Piet Hein’s Squircle

Piet Hein is a fantastic poet-mathematician of little aphorisms he calls “Grooks.”  He got me thinking about how mind boggling it is that poetry and mathematics are not taught hand in hand.  What could be more poetic than defining an equation which aptly combines the best qualities of a square and a circle (“squircle”)?

Our choicest plans
have fallen through,
our airiest castles
tumbled over,
because of lines
we neatly drew
and later neatly
stumbled over.

Regarding the Squircle, Piet Hein had this to say:

Man is the animal that draws lines which he himself then stumbles over. In the whole pattern of civilization there have been two tendencies, one toward straight lines and rectangular patterns and one toward circular lines. There are reasons, mechanical and psychological, for both tendencies. Things made with straight lines fit well together and save space.

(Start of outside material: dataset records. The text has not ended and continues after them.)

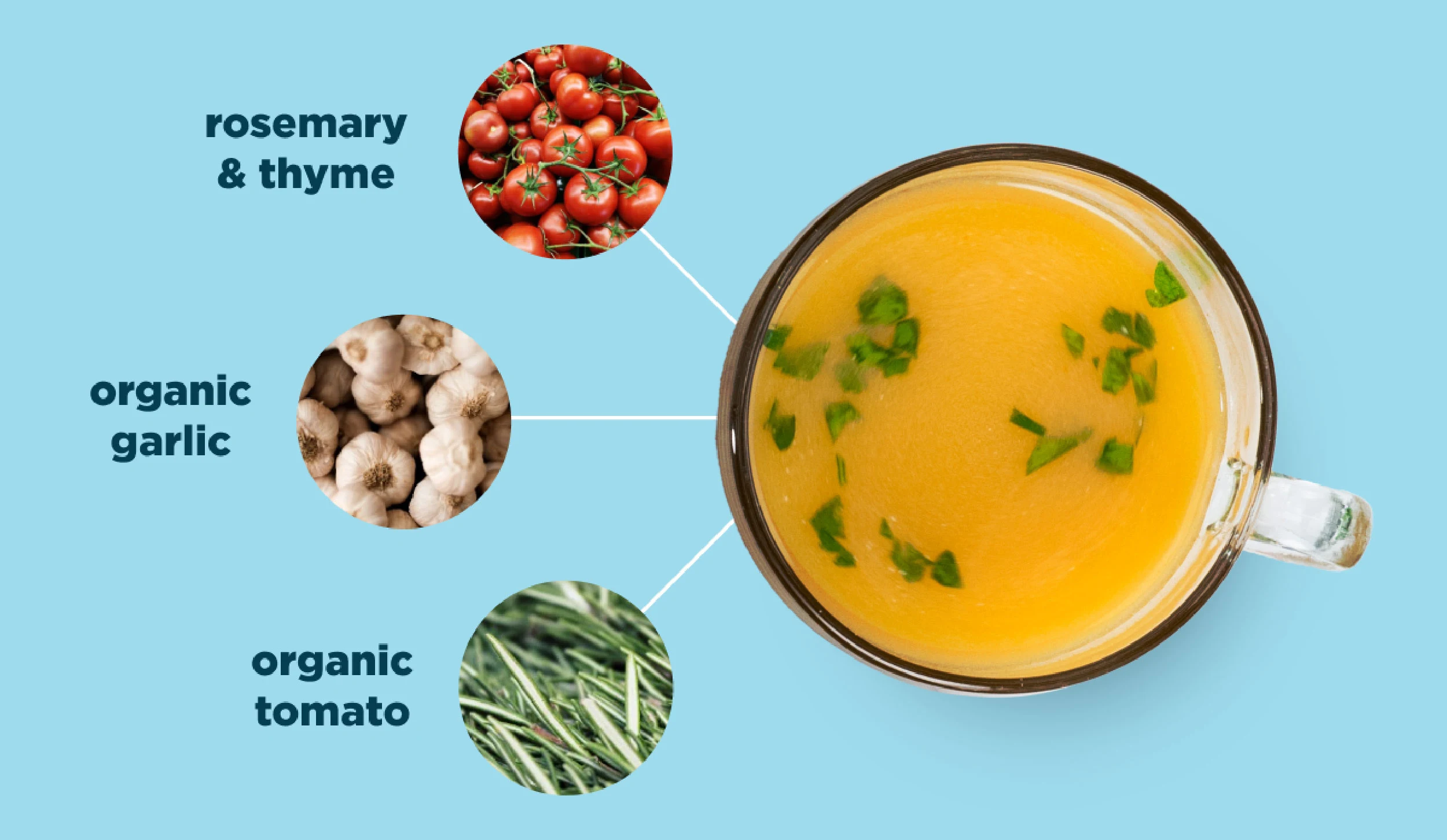 Bone Broth Protein flavors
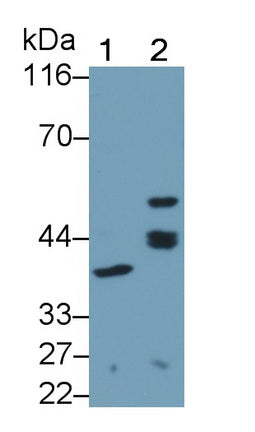 Polyclonal Antibody to Galectin 9 (GAL9)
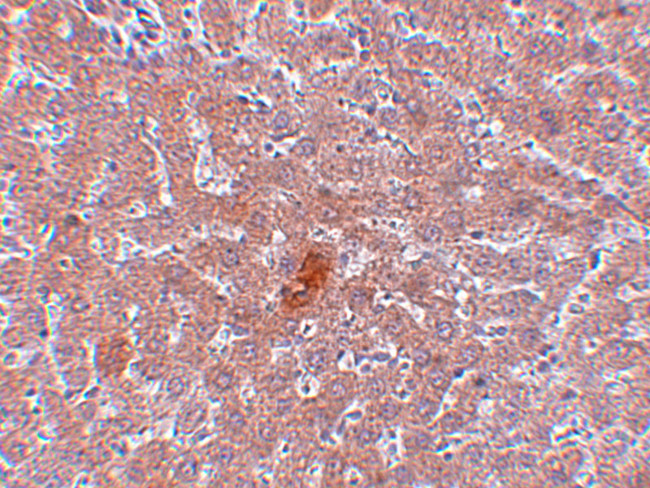 JMJD1A Antibody in Immunohistochemistry (Paraffin) (IHC (P))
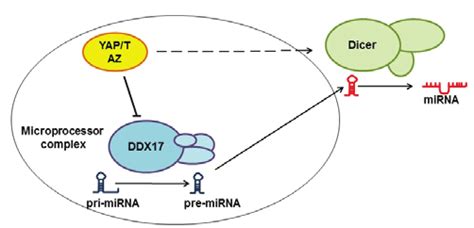 Regulation Of Microrna Synthesis By The Yes Associated Protein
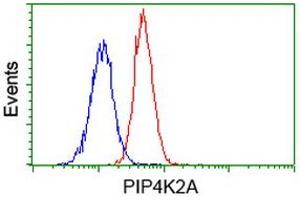 Image no. 5 for anti-Phosphatidylinositol-5-Phosphate 4-Kinase, Type II, alpha (PIP4K2A) antibody (ABIN1500226) (PIP4K2A Antikörper)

And we can move easily — physically or mentally — around things made with round lines. But we are in a straitjacket, having to accept one or the other, when often some intermediate form would be better. To draw something freehand — such as the patchwork traffic circle they tried in Stockholm — will not do. It isn’t fixed, isn’t definite like a circle or square. You don’t know what it is. It isn’t esthetically satisfying. The super-ellipse solved the problem. It is neither round nor rectangular, but in between. Yet it is fixed, it is definite — it has a unity.

There it is, he reconciled the square and the circle. He literally squared the circle. And now we have squircles everywhere.  Just look at all the apps on your phone!

I’ll post some more Grooks at a later moment.